Fierce battles are raging across the Donbas region of eastern Ukraine, while despite Russian offensives coming in waves, Ukrainian soldiers are holding their positions in most locations, ERR correspondent Anton Aleksejev, on the ground in Ukraine, reports.
In order to communicate with Aleksejev and ERR cameraman Kristjan Svirgsden, Ukrainian fighters had to travel more than 10km (6 miles) from their positions, after obtaining the permission of their officers. Closer to front than that, the din of artillery duels would not have allowed for easily audible conversations.
"Unfortunately, they have a lot of artillery and manpower," one Ukrainian, Anton, told ERR.

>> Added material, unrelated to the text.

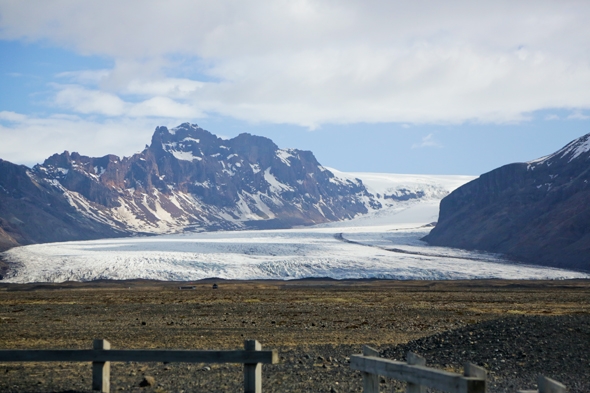 Glacier outlet in Vatnajökull National Park in south Iceland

"We are attempting to identify their locations so we can neutralize them. But you can feel the pressure of their offensives. There are just so many of them, and they have plenty of equipment," Anton added.
Another, Volodymyr, an officer, told ERR that: "The situation is very tense, at all times. There are no signs that the enemy's offensive will weaken or come to a halt.

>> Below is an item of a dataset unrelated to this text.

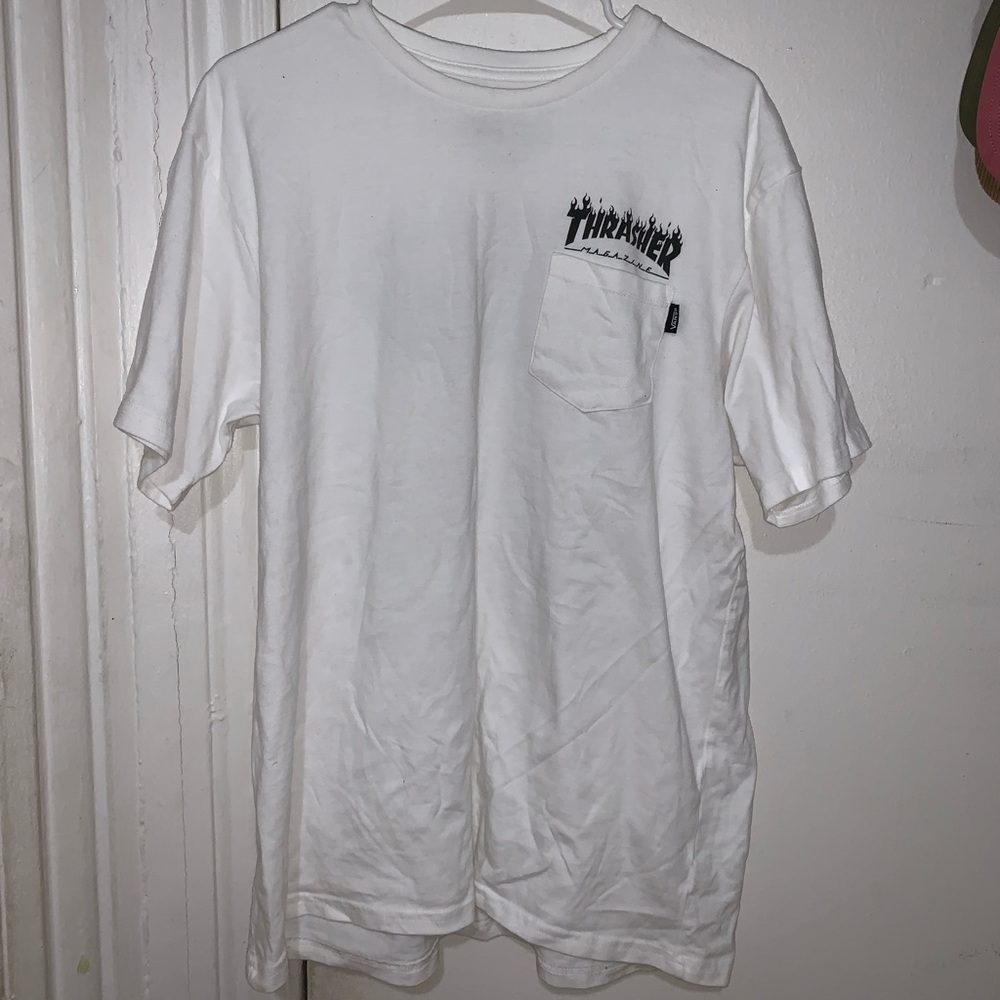 VANS x THRASHER POCKET T-SHIRT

While the West is not sending troops to Ukraine, those armaments which it has been sending and will continue to do so, are greatly valued and anticipated by the Ukrainian recipients.
"Western weaponry tends to be far more accurate and has a longer effective firing range," Marjan, another Ukrainian soldier, told ERR.
"During an artillery duel, the important thing is that the longer the range from which you can strike the enemy, the better defended you will be. Compared with the Soviet-era weaponry, the advantages of western equipment are accuracy and quality; it is simply better," he went on.
Aleksejev and Svirgsden went on to visit Netailove, a village a few kilometers to the northwest of Donetsk, and a location where they had last been a year ago, a few weeks before war broke out.
Sadly, the village was virtually unrecognizable, having been shelled to ruins and now being home to barely any inhabitants. An incoming strike meant having to take immediate shelter, and demonstrated there was no point lingering in the area longer.
Indeed, finding civilians in Donbas in general, in the frontline zone, is a major task in itself.
The original ERR report (in Estonian, Ukrainian and Russian) is here.
Fighting in the Donbas has remained intense through December and January despite it being winter.